> RECORDS FOR PROCESSING
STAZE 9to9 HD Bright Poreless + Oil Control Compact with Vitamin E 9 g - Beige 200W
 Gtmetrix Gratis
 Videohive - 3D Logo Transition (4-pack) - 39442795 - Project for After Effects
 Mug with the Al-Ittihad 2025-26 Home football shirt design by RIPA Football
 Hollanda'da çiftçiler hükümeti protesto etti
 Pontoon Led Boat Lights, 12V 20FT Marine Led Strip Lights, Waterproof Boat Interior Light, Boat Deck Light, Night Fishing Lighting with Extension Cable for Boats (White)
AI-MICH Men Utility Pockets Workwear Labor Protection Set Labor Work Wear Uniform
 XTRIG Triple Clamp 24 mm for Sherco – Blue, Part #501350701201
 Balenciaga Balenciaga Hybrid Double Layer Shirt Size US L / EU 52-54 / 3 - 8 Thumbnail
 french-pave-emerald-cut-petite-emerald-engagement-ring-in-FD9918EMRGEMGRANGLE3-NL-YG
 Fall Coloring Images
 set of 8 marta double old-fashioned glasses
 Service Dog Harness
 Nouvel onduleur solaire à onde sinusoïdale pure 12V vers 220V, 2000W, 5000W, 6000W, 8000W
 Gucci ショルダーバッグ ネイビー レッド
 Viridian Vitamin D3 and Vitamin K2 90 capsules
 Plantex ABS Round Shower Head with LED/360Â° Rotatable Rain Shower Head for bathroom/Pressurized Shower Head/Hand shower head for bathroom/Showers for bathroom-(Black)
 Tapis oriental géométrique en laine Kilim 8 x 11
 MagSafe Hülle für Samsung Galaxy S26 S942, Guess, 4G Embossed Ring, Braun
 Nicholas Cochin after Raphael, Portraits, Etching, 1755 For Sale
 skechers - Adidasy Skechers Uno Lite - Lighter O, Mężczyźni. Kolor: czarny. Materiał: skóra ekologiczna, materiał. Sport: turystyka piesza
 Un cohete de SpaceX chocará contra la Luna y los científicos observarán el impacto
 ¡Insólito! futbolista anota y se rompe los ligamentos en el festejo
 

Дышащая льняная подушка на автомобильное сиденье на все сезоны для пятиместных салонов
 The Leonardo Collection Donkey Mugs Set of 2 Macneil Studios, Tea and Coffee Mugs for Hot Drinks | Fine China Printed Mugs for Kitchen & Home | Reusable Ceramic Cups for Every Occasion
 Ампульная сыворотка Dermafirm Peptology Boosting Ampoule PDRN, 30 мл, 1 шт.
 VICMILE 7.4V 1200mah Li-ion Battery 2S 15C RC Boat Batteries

> DIRECTIONS
Determine how many lines of the records hold the word "Boat", giving only that number.

> FINISHED TASK
2